◆ **Activity**:
For the entries below, print exactly the lines between the line holding "2004 Mitsubishi Colt Pictures" and the line holding "Порфир (яшма далматиновая), бусины", inclusive, and nothing else.

◆ **Entries shown**:
····················

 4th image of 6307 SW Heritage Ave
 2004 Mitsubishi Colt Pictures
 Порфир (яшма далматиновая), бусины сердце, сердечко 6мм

····················

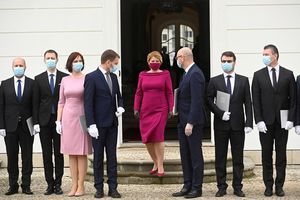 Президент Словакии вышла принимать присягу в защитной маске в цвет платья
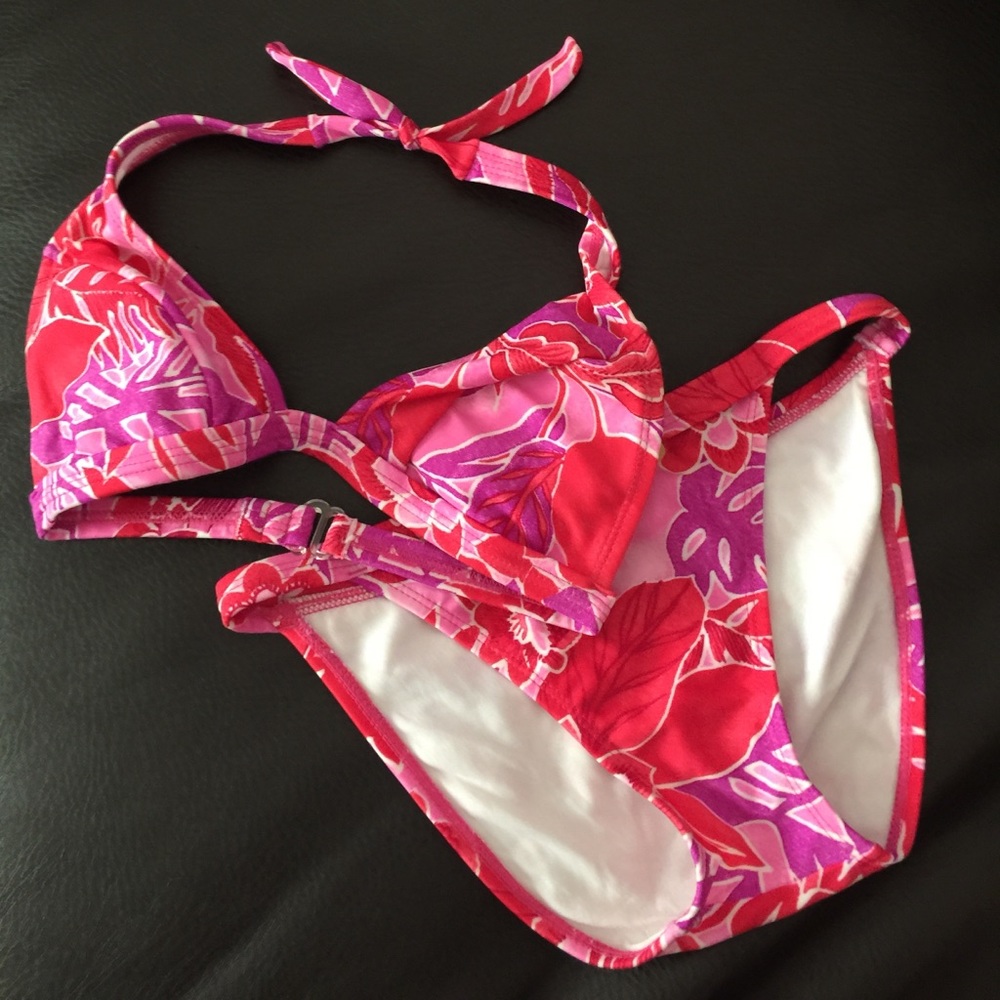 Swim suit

····················

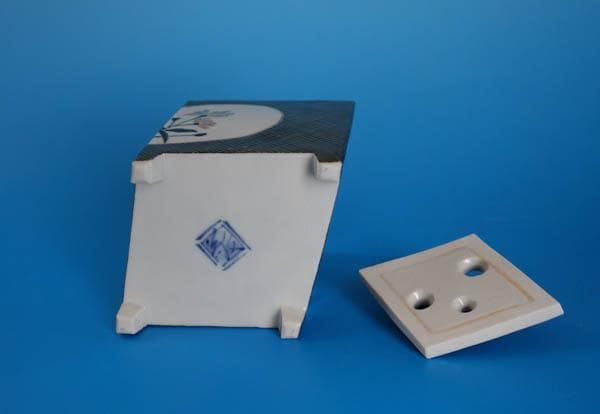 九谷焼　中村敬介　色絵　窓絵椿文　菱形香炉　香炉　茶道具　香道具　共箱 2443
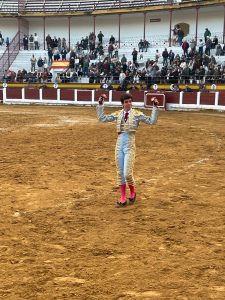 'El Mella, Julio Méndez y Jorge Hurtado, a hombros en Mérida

····················

◆ **Answer for the task**:
 2004 Mitsubishi Colt Pictures
 Порфир (яшма далматиновая), бусины сердце, сердечко 6мм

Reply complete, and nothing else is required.